What Do Your Family Gatherings Teach Your Children About Tolerance and Kindness?

March 4, 2009
By Renee Payan Wong, Webmaster, Support4Change.com

Arlene will be on hiatus from the Support4Change Blog, while working on the Better Tomorrows Program. In the meantime, I will provide you with what I think of as Arlene’s “Greatest Hits.”

This article is from Support4Change’s sister-site, ChildhoodAffirmations.com

As we deal with chaos in the world at large, we become increasingly aware of how precious are the relationships we have with not only our children, but our brothers, sisters, parents, grandparents, aunts, uncles, cousins, nieces, and nephews. We plan to “get-togethers,” even though this can bring out the most annoying traits of siblings and feuding relatives.

 

Treating even the most quirky and obnoxious family member with the greatest kindness possible can powerfully demonstrate to your children compassion and acceptance of the imperfections common to all of us. On the other hand, continuing to revisit old wounds and grudges, or demanding others behave as we want them to behave, teaches intolerance and an unwillingness to forgive.

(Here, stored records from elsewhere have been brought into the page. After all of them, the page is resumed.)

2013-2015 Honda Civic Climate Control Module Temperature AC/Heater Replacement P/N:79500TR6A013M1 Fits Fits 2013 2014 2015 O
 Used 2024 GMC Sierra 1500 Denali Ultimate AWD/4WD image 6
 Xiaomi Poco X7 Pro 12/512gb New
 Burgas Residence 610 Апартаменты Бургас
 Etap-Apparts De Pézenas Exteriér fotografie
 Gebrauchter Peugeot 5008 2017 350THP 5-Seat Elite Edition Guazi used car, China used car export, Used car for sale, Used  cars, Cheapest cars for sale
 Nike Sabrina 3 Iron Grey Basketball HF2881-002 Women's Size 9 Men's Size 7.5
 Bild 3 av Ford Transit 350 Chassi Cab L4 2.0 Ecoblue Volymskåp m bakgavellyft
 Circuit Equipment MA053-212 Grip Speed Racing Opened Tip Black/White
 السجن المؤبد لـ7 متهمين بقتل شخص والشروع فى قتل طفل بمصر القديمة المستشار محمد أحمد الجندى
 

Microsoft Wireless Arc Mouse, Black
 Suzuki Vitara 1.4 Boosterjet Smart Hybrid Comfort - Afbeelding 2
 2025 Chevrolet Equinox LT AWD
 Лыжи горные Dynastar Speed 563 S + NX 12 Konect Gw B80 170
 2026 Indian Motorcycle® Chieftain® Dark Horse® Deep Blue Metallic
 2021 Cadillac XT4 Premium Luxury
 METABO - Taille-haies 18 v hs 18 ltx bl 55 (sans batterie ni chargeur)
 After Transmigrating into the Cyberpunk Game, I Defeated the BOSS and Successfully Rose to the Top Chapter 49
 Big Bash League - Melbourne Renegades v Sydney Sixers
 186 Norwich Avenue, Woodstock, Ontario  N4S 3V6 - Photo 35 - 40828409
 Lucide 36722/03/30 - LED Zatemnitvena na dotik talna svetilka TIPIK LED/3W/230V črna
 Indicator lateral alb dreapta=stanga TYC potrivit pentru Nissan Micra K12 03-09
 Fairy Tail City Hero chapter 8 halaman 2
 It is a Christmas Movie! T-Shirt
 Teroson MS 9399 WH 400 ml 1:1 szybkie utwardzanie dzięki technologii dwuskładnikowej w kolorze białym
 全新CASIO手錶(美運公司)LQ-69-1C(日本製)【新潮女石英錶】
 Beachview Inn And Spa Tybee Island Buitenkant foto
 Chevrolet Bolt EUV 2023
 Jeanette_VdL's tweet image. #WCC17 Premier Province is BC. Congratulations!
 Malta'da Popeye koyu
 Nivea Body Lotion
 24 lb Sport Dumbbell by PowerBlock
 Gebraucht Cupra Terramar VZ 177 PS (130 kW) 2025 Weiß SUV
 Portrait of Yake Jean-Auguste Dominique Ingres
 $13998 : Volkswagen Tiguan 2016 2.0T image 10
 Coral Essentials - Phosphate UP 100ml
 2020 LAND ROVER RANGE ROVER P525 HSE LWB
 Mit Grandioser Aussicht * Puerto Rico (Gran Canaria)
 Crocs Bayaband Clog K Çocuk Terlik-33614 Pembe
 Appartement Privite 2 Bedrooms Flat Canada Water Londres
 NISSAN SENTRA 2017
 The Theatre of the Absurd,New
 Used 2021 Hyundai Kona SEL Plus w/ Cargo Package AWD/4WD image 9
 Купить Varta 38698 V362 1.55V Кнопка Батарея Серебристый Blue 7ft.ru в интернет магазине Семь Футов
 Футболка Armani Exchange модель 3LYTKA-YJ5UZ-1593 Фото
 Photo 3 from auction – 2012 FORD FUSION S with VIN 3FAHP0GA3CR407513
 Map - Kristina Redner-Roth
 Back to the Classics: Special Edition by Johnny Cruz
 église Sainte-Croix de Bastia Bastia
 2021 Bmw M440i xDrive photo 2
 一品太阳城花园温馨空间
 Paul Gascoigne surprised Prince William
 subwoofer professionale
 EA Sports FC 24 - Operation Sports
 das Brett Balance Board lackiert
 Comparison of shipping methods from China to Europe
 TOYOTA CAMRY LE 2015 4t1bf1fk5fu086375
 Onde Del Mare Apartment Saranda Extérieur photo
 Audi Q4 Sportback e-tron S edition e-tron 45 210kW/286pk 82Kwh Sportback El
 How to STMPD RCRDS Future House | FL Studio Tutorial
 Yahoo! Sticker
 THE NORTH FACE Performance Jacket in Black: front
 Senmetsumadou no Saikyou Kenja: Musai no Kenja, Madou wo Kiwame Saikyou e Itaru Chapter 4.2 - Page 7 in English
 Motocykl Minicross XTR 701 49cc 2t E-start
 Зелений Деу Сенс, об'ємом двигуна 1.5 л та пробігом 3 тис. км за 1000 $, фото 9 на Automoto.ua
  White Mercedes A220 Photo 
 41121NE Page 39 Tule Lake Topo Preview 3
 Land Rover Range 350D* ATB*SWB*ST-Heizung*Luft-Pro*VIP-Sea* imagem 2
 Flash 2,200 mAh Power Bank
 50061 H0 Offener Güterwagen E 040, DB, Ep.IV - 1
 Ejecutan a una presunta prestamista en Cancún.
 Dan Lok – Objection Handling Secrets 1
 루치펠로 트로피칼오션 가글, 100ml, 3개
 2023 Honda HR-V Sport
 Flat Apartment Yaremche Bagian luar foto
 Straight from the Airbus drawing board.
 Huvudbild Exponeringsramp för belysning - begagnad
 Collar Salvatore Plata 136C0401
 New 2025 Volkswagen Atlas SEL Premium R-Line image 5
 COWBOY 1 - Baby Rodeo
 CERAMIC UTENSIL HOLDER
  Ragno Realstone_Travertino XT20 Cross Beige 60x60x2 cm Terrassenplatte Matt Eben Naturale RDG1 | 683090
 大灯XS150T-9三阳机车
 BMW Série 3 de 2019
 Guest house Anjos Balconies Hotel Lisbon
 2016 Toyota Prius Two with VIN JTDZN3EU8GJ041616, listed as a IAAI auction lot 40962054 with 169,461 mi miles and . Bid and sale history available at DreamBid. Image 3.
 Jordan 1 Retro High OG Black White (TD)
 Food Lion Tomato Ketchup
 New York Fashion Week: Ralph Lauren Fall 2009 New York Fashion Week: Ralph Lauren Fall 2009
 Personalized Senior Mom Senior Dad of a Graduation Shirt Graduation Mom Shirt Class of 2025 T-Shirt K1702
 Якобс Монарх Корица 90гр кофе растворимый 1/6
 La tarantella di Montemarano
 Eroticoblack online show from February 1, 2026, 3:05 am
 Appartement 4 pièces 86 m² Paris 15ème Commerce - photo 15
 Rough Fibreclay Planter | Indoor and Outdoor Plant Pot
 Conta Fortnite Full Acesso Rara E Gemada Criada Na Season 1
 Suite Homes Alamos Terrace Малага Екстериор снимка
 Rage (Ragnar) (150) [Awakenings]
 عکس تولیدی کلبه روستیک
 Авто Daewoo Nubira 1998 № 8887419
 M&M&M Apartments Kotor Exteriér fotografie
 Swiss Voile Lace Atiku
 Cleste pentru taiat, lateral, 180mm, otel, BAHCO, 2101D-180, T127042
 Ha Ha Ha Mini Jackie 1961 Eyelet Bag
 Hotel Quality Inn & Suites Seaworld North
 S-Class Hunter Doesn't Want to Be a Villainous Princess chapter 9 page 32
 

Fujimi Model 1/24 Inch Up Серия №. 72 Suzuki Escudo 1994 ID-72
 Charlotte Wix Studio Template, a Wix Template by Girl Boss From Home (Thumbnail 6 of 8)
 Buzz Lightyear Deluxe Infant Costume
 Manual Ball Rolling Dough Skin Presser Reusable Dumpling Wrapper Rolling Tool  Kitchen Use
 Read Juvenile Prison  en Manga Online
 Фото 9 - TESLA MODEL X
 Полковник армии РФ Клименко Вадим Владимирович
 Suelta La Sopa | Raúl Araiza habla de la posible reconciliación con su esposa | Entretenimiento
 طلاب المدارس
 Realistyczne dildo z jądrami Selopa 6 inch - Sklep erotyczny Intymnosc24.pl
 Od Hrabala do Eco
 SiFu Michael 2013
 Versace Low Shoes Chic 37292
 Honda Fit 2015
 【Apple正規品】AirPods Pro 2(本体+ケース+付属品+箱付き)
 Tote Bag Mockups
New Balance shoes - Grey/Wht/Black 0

Since our children have an exquisite way of mirroring the behavior we show others (especially those traits we most dislike about ourselves), we would do well to carefully consider how we treat family, as well as friends when we are together. Just as important, what we say about others behind their backs, on the way to a gathering and on the way home.

I’ve been long amused by our tendency to expect other people to tolerant our idiosyncrasies and periodic poor behavior, while at the same time being unwilling to extend that acceptance to others — even if, especially if, those people are in our family. Likewise, we expect other nations to be forgiving of our own country’s shortcomings, but we are quick to criticize the choices other nations and other cultures.

What are you teaching your children about tolerance, compassion, and kindness by the actions and words you use in your own family?

Forgiveness is the act of admitting we are like other people.

—Christina Baldwin

 

I think one should forgive and remember… . If you forgive and forget in the usual sense, you’re just driving what you remember into the subconscious; it stays there and festers. But to look, even regularly, upon what you remember and know you’ve forgiven is achievement.